## ACTION ITEM
From the entries below, retype only the lines from the one with "适用三星zfold5手机壳新" through the one with "火車一節硬臥車廂多少個號(普通的硬臥火車一個車廂有多少號)", exactly as written.

## PROVIDED ENTRIES
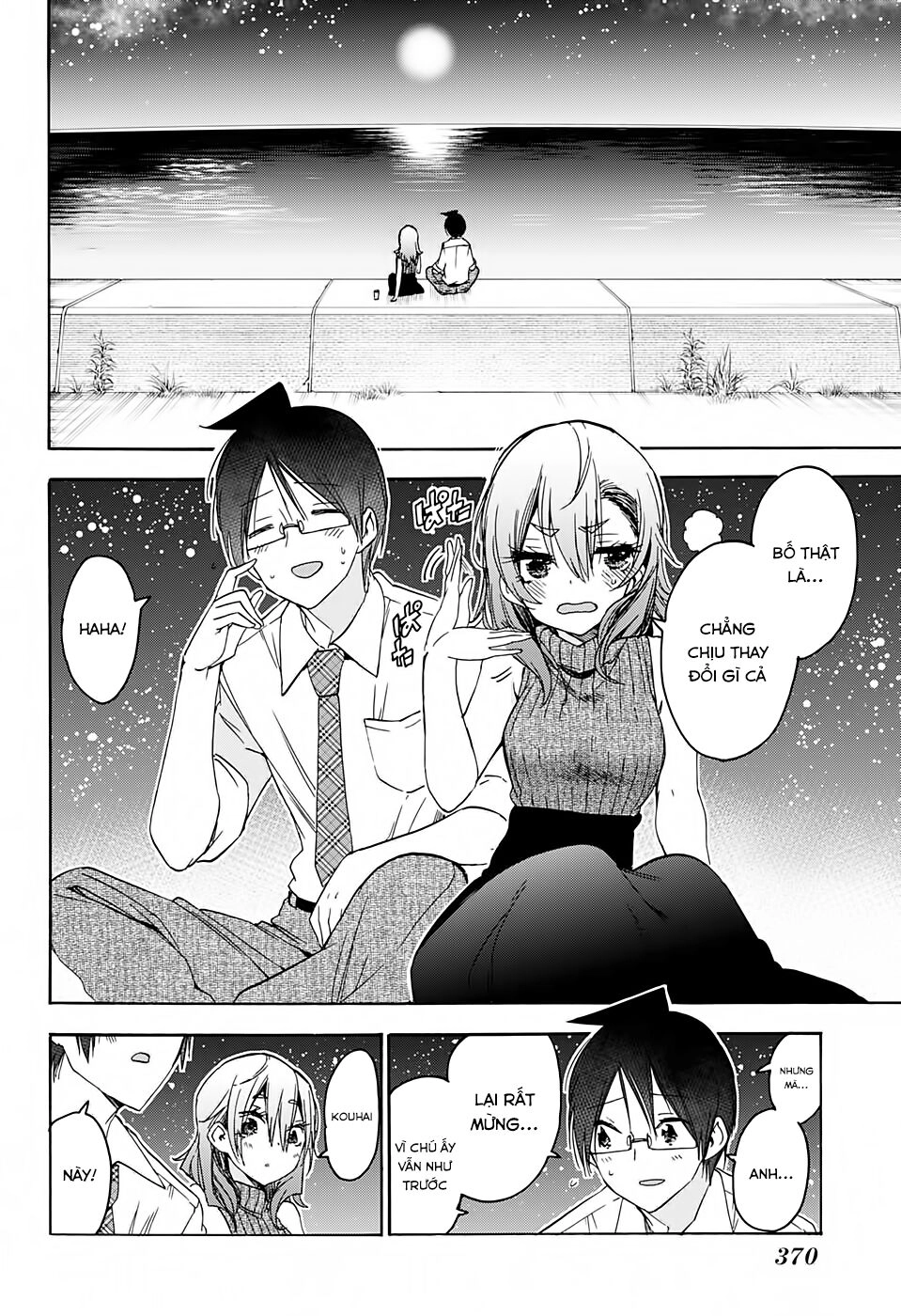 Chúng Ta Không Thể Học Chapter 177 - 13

==

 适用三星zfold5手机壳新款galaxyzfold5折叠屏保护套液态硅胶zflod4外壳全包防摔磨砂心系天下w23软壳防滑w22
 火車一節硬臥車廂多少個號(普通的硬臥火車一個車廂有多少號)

## EXERCISE ANSWER
 适用三星zfold5手机壳新款galaxyzfold5折叠屏保护套液态硅胶zflod4外壳全包防摔磨砂心系天下w23软壳防滑w22
 火車一節硬臥車廂多少個號(普通的硬臥火車一個車廂有多少號)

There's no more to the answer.